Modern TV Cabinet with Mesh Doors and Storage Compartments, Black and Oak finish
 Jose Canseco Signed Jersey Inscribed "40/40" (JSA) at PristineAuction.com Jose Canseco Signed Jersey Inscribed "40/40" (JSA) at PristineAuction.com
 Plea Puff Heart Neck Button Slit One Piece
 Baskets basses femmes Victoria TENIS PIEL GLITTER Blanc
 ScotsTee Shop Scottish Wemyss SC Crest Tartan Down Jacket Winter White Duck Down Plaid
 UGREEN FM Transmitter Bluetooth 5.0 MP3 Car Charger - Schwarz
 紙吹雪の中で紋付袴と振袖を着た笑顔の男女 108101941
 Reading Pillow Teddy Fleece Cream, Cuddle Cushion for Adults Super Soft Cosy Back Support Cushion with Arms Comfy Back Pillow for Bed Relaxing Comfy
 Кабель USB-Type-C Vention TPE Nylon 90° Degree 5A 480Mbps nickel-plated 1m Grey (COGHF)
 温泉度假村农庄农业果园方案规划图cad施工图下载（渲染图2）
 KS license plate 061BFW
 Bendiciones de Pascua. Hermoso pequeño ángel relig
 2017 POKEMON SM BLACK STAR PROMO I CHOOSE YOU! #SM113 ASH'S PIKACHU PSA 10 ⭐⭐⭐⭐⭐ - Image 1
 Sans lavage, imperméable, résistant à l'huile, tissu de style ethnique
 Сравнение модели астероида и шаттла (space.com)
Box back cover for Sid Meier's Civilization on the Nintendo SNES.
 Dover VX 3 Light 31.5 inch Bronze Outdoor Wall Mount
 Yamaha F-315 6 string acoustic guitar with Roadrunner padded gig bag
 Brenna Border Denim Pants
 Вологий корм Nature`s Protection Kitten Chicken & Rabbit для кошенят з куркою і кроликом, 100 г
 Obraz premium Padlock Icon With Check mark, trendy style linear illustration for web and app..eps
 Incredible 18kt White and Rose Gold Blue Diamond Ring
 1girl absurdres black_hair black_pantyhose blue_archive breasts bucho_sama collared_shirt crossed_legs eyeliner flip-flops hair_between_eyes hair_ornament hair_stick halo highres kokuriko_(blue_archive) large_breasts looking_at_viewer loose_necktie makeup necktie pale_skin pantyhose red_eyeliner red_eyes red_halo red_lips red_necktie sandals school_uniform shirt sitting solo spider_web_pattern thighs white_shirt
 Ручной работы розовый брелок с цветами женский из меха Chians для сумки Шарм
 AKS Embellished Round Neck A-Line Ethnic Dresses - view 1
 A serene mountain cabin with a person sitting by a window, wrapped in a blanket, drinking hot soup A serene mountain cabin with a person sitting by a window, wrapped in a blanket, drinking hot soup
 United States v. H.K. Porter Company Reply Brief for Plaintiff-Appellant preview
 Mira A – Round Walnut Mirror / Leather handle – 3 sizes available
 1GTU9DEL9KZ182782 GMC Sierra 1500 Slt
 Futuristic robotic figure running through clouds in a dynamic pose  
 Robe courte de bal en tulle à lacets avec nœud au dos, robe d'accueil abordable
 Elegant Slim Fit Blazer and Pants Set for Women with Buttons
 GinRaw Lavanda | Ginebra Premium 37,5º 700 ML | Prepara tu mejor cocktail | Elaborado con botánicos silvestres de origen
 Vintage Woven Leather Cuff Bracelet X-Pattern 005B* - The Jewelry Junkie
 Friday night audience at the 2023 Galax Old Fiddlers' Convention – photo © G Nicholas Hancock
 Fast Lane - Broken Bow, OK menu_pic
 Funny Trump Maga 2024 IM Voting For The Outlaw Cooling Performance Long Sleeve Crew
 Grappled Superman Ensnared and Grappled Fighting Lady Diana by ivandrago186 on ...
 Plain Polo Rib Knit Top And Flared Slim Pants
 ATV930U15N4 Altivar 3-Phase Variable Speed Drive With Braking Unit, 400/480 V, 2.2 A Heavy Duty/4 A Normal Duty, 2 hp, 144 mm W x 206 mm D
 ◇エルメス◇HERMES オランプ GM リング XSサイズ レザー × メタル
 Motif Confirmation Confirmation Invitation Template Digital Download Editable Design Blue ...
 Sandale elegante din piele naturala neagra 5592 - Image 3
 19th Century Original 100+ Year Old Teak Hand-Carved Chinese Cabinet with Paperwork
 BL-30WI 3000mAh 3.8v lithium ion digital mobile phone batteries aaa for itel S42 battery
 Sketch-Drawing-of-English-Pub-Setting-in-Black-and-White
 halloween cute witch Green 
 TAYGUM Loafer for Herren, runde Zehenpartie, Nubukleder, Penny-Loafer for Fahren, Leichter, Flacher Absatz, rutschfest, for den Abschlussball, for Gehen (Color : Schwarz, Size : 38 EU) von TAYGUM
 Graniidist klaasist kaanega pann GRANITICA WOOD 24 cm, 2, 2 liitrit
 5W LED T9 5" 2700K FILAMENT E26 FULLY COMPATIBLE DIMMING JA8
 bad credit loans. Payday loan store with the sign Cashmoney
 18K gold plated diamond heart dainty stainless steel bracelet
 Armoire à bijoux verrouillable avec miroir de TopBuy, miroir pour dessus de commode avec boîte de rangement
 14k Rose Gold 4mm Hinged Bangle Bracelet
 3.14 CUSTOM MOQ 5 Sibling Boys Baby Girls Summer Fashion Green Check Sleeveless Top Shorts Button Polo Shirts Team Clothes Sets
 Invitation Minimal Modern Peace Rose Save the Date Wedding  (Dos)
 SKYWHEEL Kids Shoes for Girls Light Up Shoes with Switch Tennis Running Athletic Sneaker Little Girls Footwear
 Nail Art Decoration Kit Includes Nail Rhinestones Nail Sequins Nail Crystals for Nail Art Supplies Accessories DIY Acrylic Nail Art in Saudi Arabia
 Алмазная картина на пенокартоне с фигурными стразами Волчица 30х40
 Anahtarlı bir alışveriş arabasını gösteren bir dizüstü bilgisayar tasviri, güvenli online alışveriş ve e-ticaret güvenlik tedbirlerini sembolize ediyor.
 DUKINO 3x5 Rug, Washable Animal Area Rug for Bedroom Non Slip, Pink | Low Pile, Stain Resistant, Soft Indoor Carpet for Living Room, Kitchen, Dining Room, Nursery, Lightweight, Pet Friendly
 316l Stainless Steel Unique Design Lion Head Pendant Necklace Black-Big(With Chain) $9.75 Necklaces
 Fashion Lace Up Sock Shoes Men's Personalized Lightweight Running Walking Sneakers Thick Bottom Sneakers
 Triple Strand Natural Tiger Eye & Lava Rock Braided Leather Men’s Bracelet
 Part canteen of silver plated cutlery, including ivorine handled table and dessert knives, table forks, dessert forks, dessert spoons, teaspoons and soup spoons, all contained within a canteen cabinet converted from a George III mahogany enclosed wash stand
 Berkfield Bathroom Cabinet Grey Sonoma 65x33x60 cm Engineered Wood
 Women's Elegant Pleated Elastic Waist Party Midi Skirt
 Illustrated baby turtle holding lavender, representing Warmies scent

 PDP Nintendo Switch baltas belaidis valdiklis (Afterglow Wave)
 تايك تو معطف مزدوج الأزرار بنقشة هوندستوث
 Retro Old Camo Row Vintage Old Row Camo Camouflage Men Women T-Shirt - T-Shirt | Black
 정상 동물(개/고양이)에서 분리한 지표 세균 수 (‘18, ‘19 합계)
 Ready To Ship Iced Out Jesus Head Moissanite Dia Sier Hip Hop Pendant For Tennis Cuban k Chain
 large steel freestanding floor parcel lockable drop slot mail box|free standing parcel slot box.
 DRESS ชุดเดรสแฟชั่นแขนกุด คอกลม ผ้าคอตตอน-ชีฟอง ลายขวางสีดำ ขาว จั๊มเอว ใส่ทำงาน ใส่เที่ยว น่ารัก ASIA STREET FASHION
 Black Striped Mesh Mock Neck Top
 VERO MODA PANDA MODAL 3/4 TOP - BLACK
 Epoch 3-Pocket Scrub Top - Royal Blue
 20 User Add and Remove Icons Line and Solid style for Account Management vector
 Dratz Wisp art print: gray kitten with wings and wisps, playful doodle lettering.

*****

* _Problem details_
Quote the data above from the line containing "温泉度假村农庄农业果园方案规划图cad施工图下载（渲染图2）" to the line containing "Fast Lane - Broken Bow, OK menu_pic", inclusive, and stop.

* _Solved exercise_
 温泉度假村农庄农业果园方案规划图cad施工图下载（渲染图2）
 KS license plate 061BFW
 Bendiciones de Pascua. Hermoso pequeño ángel relig
 2017 POKEMON SM BLACK STAR PROMO I CHOOSE YOU! #SM113 ASH'S PIKACHU PSA 10 ⭐⭐⭐⭐⭐ - Image 1
 Sans lavage, imperméable, résistant à l'huile, tissu de style ethnique
 Сравнение модели астероида и шаттла (space.com)
Box back cover for Sid Meier's Civilization on the Nintendo SNES.
 Dover VX 3 Light 31.5 inch Bronze Outdoor Wall Mount
 Yamaha F-315 6 string acoustic guitar with Roadrunner padded gig bag
 Brenna Border Denim Pants
 Вологий корм Nature`s Protection Kitten Chicken & Rabbit для кошенят з куркою і кроликом, 100 г
 Obraz premium Padlock Icon With Check mark, trendy style linear illustration for web and app..eps
 Incredible 18kt White and Rose Gold Blue Diamond Ring
 1girl absurdres black_hair black_pantyhose blue_archive breasts bucho_sama collared_shirt crossed_legs eyeliner flip-flops hair_between_eyes hair_ornament hair_stick halo highres kokuriko_(blue_archive) large_breasts looking_at_viewer loose_necktie makeup necktie pale_skin pantyhose red_eyeliner red_eyes red_halo red_lips red_necktie sandals school_uniform shirt sitting solo spider_web_pattern thighs white_shirt
 Ручной работы розовый брелок с цветами женский из меха Chians для сумки Шарм
 AKS Embellished Round Neck A-Line Ethnic Dresses - view 1
 A serene mountain cabin with a person sitting by a window, wrapped in a blanket, drinking hot soup A serene mountain cabin with a person sitting by a window, wrapped in a blanket, drinking hot soup
 United States v. H.K. Porter Company Reply Brief for Plaintiff-Appellant preview
 Mira A – Round Walnut Mirror / Leather handle – 3 sizes available
 1GTU9DEL9KZ182782 GMC Sierra 1500 Slt
 Futuristic robotic figure running through clouds in a dynamic pose  
 Robe courte de bal en tulle à lacets avec nœud au dos, robe d'accueil abordable
 Elegant Slim Fit Blazer and Pants Set for Women with Buttons
 GinRaw Lavanda | Ginebra Premium 37,5º 700 ML | Prepara tu mejor cocktail | Elaborado con botánicos silvestres de origen
 Vintage Woven Leather Cuff Bracelet X-Pattern 005B* - The Jewelry Junkie
 Friday night audience at the 2023 Galax Old Fiddlers' Convention – photo © G Nicholas Hancock
 Fast Lane - Broken Bow, OK menu_pic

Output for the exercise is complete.